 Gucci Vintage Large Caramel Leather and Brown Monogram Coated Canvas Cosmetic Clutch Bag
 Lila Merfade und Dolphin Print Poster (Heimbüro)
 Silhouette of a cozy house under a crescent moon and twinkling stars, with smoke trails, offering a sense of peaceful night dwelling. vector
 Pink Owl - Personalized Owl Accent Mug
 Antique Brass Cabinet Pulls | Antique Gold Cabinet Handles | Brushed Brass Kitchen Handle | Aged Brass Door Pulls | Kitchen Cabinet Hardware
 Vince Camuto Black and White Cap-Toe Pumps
□ □ □ □ □
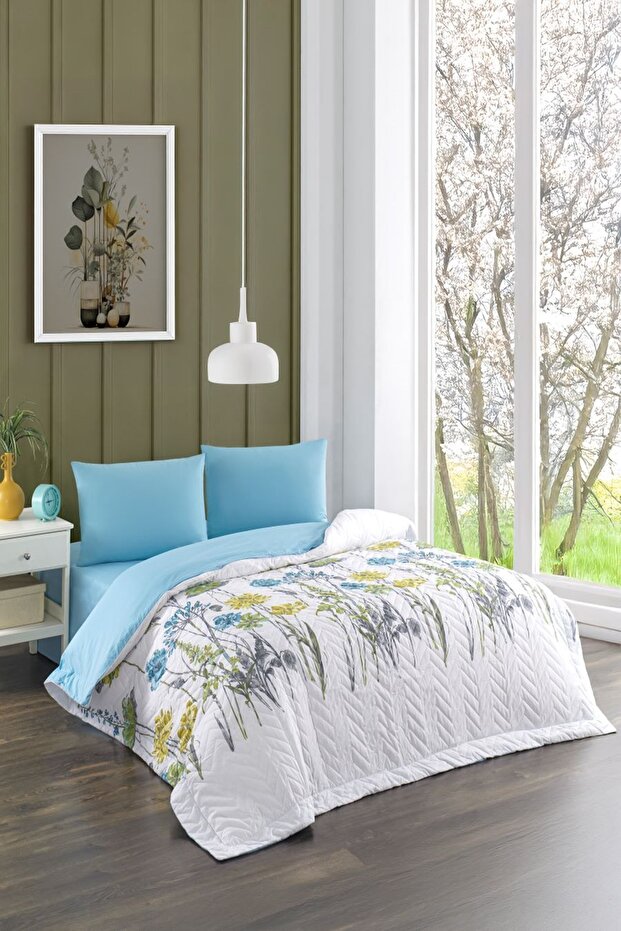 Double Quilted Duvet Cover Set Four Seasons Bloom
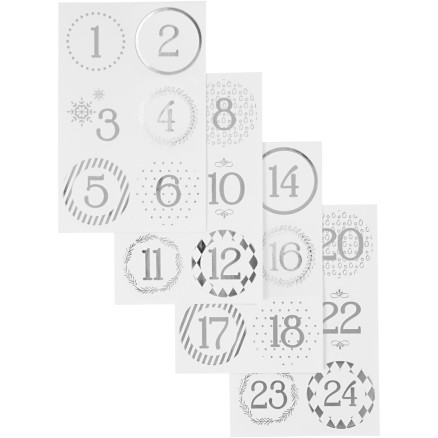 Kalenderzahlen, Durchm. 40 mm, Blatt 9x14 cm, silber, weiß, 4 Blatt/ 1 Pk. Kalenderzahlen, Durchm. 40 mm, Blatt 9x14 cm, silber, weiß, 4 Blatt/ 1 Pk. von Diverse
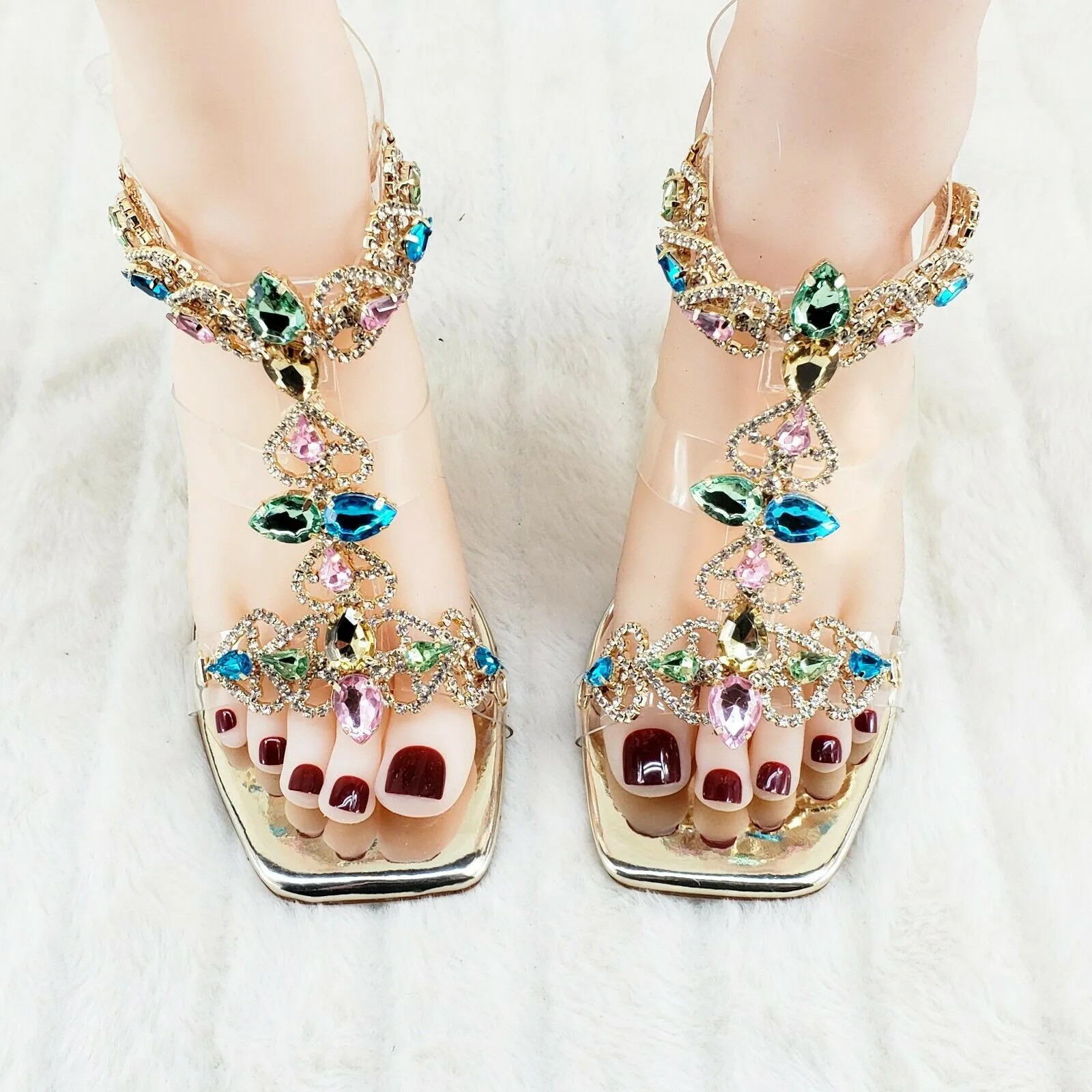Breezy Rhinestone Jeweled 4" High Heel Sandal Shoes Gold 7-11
□ □ □ □ □
» **WHAT YOU ARE ASKED TO DO**
All lines above from the one with "Pink Owl - Personalized Owl Accent Mug" to the one with "Vince Camuto Black and White Cap-Toe Pumps", inclusive, should be copied exactly, and no other lines.

» **WRITTEN REPLY**
 Pink Owl - Personalized Owl Accent Mug
 Antique Brass Cabinet Pulls | Antique Gold Cabinet Handles | Brushed Brass Kitchen Handle | Aged Brass Door Pulls | Kitchen Cabinet Hardware
 Vince Camuto Black and White Cap-Toe Pumps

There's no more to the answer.